This training plan is designed for the intermediate/advanced triathlete looking to race a Half Marathon (13.1 mi) or to simply improve upon their long course run leg. This plan can also work for a runner looking to incorporate some cross training into their weekly training schedule or an athlete that wants to boost their run fitness, but unable to run 6 or 7 days / week due to injury/schedule/etc.
This plan assumes the athlete has a decent amount of base aerobic fitness. The athlete may have recently completed some base aerobic training OR just raced an 'A' triathlon and is now looking to do a late season running race. Prior to beginning the training plan, the athlete should be training consistently and should be able to comfortably run 8 - 10 miles at an aerobic/Z2 pace.

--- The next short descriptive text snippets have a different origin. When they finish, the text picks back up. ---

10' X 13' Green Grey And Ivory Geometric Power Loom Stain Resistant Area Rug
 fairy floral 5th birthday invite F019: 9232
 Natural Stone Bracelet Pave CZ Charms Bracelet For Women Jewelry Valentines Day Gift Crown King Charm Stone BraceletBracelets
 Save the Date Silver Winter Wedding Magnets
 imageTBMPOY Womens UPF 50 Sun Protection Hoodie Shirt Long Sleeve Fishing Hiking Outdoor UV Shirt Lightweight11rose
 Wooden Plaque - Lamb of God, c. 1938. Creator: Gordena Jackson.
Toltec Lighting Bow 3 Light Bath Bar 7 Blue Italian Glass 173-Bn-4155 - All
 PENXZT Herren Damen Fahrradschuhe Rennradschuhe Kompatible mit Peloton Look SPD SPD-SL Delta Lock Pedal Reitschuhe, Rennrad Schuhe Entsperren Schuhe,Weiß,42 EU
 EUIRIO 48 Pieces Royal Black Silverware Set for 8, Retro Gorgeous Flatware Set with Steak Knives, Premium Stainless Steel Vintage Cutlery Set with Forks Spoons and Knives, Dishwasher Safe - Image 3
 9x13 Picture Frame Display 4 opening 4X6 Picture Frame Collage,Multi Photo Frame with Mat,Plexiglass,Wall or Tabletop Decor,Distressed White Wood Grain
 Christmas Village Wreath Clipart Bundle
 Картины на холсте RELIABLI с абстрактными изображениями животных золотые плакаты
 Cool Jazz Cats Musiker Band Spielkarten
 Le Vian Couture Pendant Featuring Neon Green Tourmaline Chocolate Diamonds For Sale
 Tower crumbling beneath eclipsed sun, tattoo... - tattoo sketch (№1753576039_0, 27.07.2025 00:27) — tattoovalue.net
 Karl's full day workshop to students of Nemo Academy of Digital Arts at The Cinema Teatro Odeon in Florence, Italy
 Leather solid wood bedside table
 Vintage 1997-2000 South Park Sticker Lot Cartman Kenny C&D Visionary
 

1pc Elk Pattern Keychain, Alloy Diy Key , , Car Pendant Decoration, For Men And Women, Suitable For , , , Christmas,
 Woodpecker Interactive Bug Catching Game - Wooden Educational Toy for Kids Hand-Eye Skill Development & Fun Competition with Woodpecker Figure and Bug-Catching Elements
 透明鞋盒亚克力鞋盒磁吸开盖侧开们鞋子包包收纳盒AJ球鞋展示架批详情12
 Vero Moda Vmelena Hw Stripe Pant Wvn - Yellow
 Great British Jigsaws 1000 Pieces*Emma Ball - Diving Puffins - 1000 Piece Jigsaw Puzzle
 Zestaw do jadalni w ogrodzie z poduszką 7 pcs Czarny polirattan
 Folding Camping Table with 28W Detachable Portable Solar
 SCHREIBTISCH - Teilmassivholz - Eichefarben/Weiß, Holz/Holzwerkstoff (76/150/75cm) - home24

This plan has four (4) main weekly runs: 2 Aerobic, 1 Race Pace, 1 Speedwork. In addition to the run workouts, each week typically contains 1 Swim, 1 Bike and 2 Strength workouts.
The Swim and Bike workouts can be modified to allow for more/less swim and/or bike volume. The key is to not do anything that would sacrifice the quality of the run workouts. If you find yourself struggling with the Run workouts, ask yourself if you are doing too much swim/bike/strength and adjust accordingly.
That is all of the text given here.